=== Section Start ===
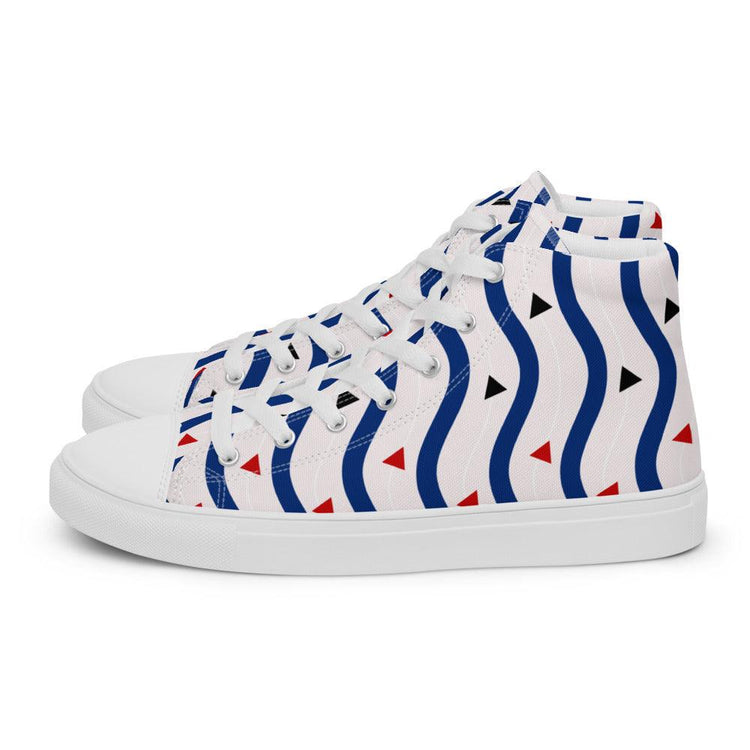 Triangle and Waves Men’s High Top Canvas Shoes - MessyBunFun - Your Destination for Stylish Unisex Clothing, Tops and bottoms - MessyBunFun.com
=== Section End ===
=== Section Start ===
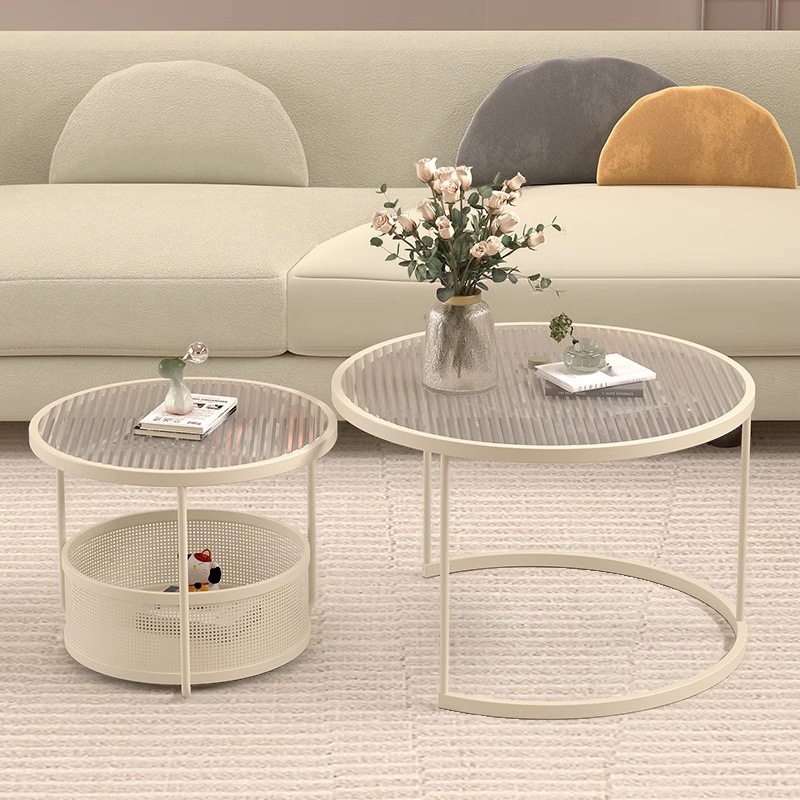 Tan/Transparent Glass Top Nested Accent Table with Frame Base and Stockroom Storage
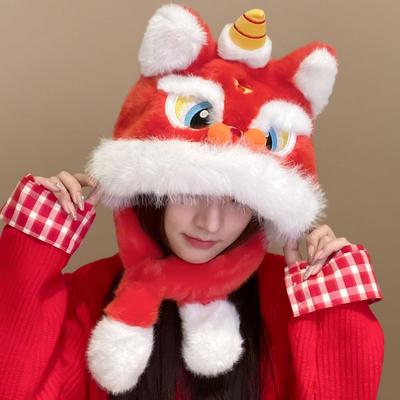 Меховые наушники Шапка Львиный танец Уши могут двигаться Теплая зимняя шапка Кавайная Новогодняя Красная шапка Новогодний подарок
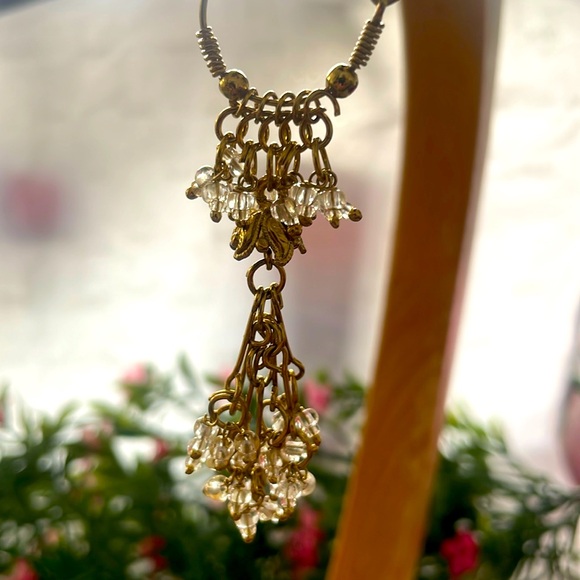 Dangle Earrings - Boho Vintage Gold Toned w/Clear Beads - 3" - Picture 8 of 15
=== Section End ===
=== Section Start ===
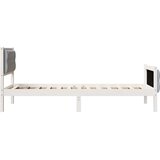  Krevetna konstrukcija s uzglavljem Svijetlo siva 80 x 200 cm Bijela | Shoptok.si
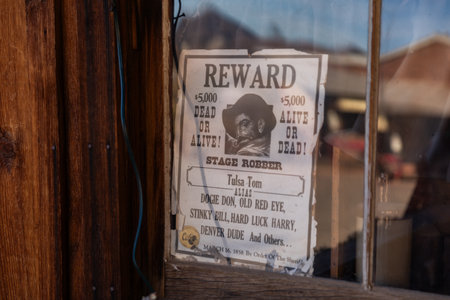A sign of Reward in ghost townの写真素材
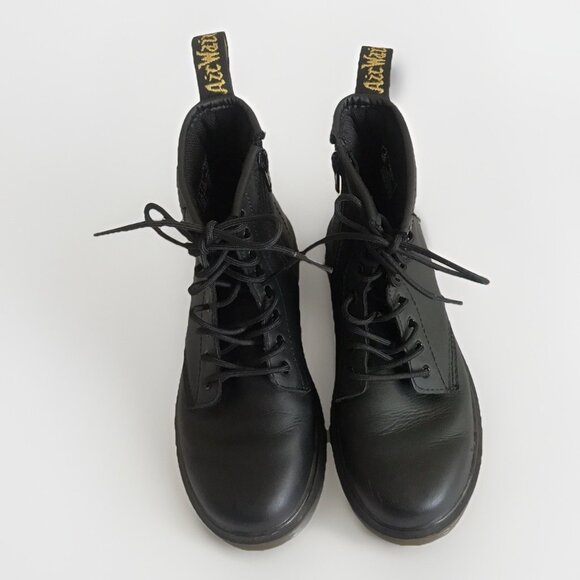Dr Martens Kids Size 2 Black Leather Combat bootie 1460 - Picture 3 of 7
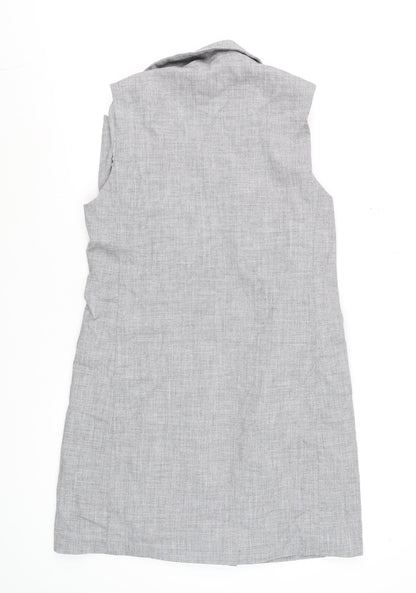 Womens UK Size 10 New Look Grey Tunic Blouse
=== Section End ===
Beginning with the line above that contains "Dr Martens Kids" and finishing with the line that contains "Womens UK Size 10 New Look Grey Tunic Blouse", print those lines exactly and only. Skip all pictures.

RESPONSE AREA:
Dr Martens Kids Size 2 Black Leather Combat bootie 1460 - Picture 3 of 7
 Womens UK Size 10 New Look Grey Tunic Blouse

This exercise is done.